Retype the records below from their first line through the line holding "Weak immune system", including both ends and no pictures.

══ Records supplied

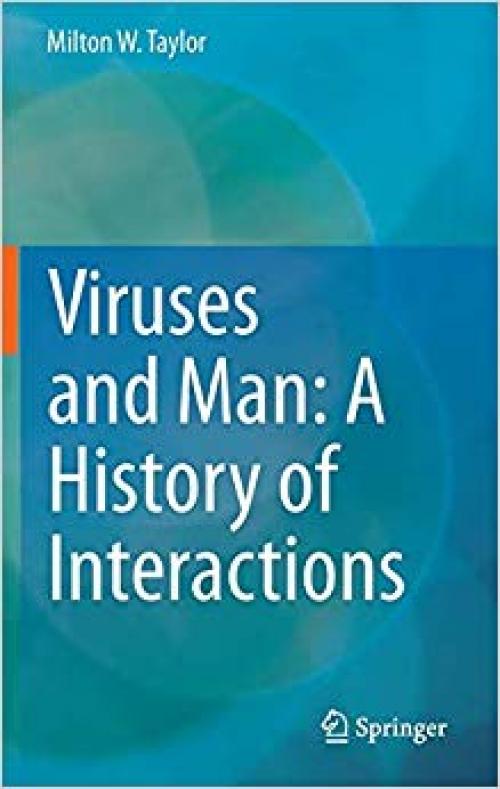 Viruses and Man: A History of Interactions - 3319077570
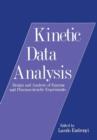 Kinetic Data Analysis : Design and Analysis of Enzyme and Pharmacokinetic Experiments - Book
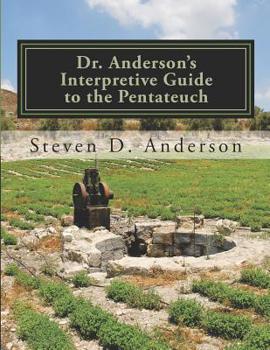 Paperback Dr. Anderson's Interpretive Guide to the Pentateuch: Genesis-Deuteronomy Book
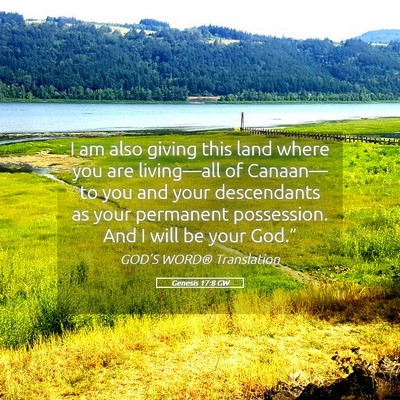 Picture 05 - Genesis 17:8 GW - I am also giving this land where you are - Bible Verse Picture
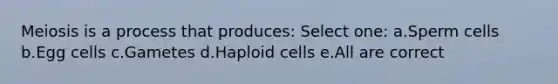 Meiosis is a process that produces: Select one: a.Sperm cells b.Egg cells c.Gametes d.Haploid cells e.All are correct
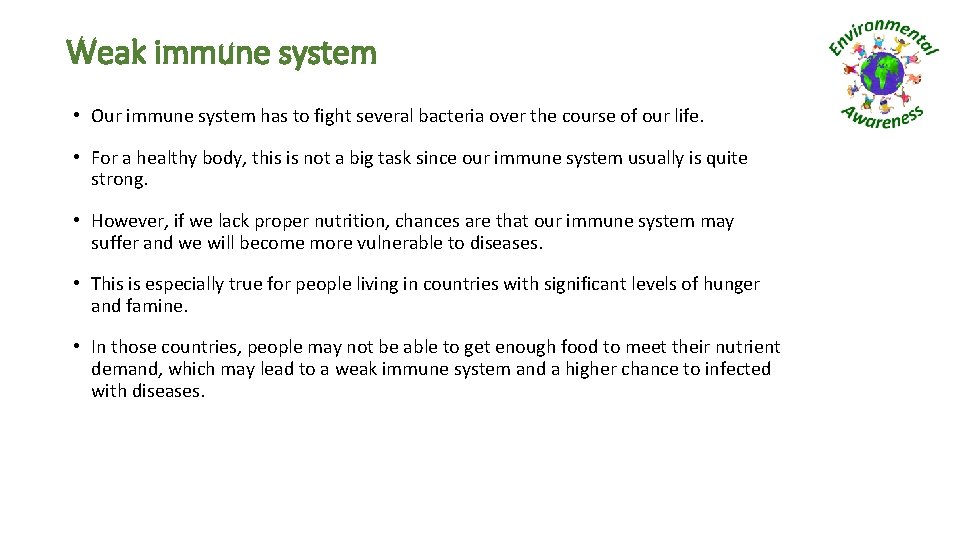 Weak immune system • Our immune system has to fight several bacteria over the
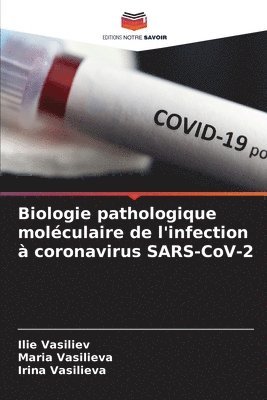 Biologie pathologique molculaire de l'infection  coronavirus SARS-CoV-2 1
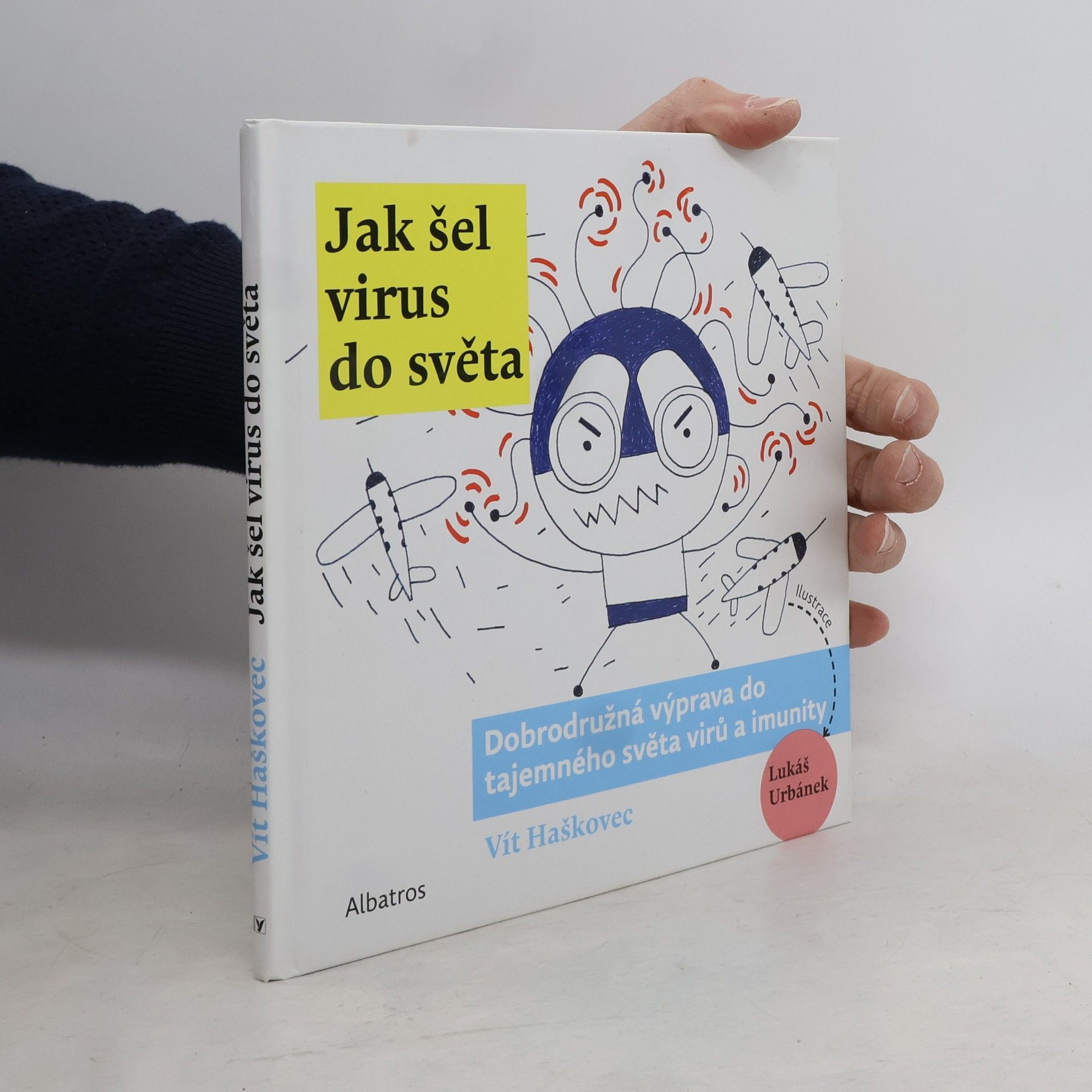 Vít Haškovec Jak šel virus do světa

════

-- Solution below --
 Viruses and Man: A History of Interactions - 3319077570
 Kinetic Data Analysis : Design and Analysis of Enzyme and Pharmacokinetic Experiments - Book
 Paperback Dr. Anderson's Interpretive Guide to the Pentateuch: Genesis-Deuteronomy Book
 Picture 05 - Genesis 17:8 GW - I am also giving this land where you are - Bible Verse Picture
 Meiosis is a process that produces: Select one: a.Sperm cells b.Egg cells c.Gametes d.Haploid cells e.All are correct
 Weak immune system • Our immune system has to fight several bacteria over the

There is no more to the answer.